**Extracted data**
========

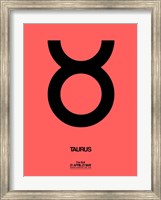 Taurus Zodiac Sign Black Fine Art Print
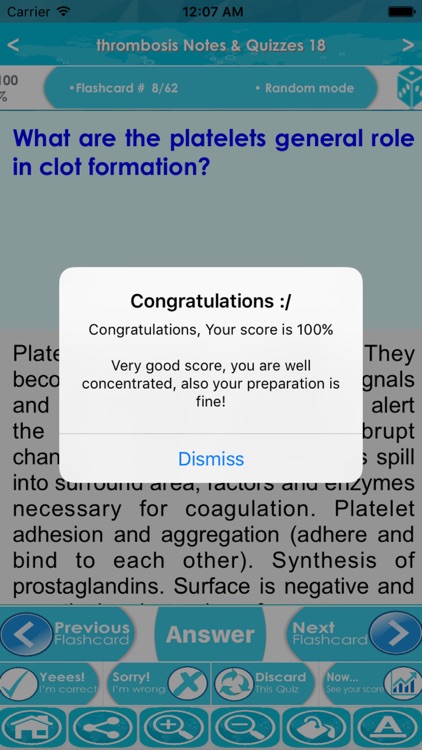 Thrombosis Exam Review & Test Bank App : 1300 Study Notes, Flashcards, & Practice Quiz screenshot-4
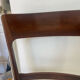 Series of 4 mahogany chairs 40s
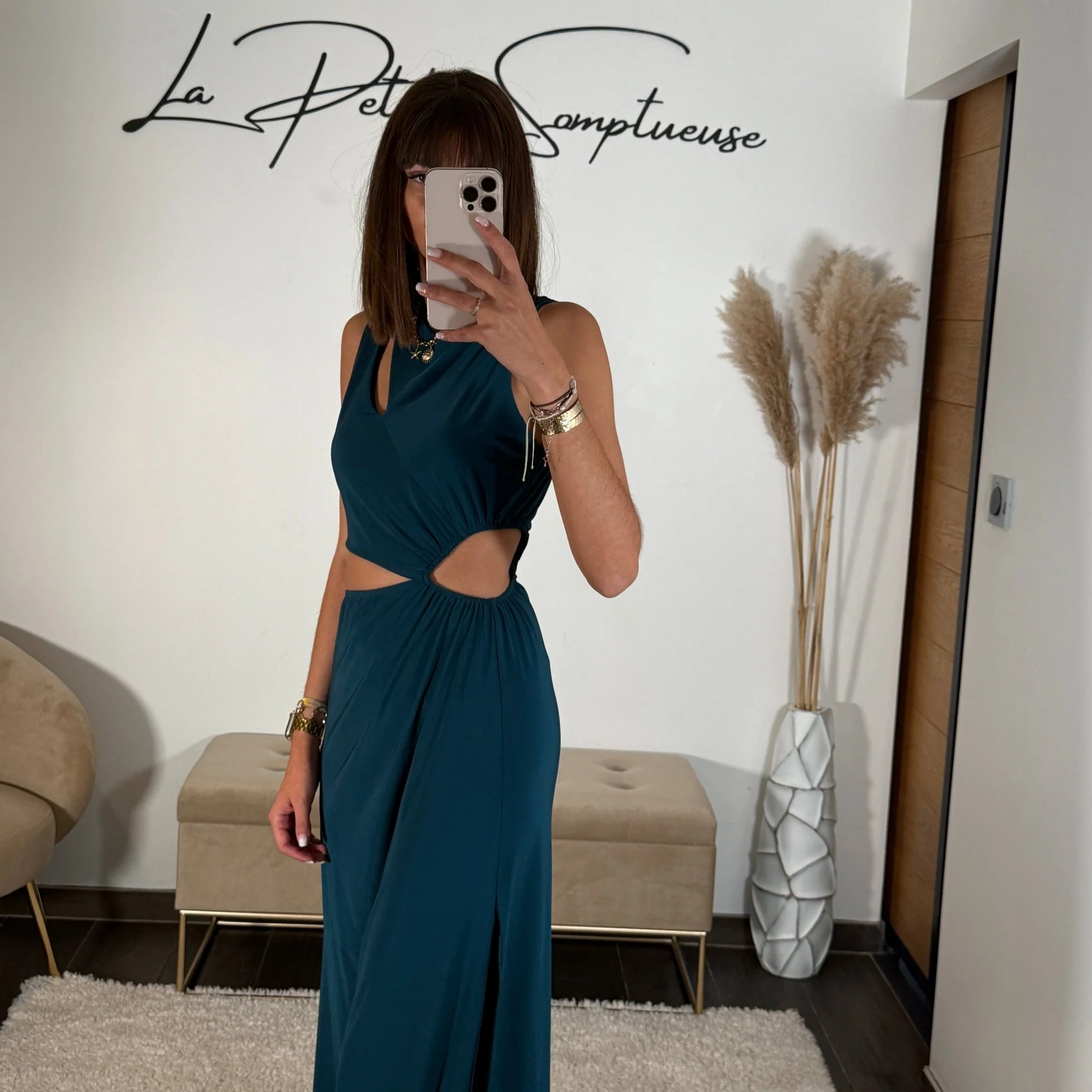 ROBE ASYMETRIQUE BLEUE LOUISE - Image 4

========

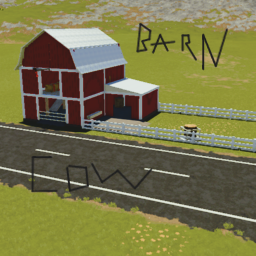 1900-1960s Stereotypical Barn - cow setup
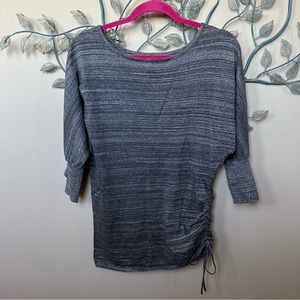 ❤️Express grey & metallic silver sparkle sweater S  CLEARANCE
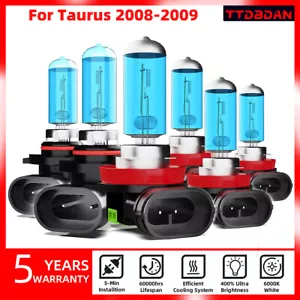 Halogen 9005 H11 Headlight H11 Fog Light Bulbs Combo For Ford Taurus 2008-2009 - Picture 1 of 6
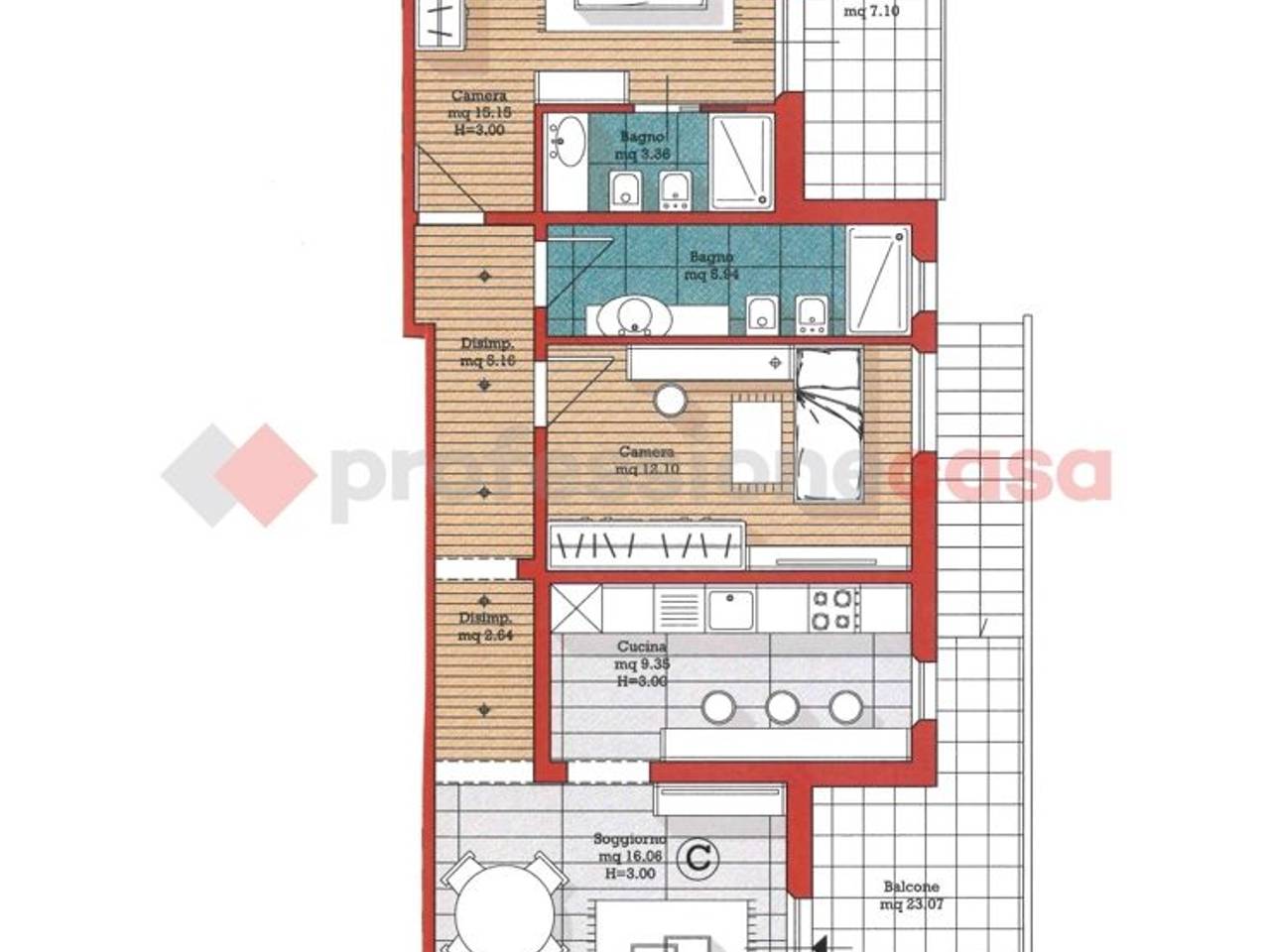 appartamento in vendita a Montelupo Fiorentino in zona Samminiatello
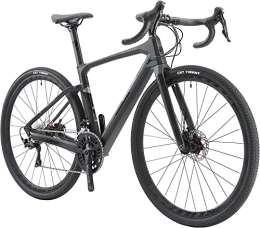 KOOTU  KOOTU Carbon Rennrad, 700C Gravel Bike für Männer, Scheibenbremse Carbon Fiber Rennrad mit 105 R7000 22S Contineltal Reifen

========

**Your assignment**
Take the lines above starting at the one containing "Thrombosis Exam Review" and ending at the one containing "ROBE ASYMETRIQUE BLEUE LOUISE - Image 4", and print them again exactly, without pictures.

**Result below**
 Thrombosis Exam Review & Test Bank App : 1300 Study Notes, Flashcards, & Practice Quiz screenshot-4
 Series of 4 mahogany chairs 40s
 ROBE ASYMETRIQUE BLEUE LOUISE - Image 4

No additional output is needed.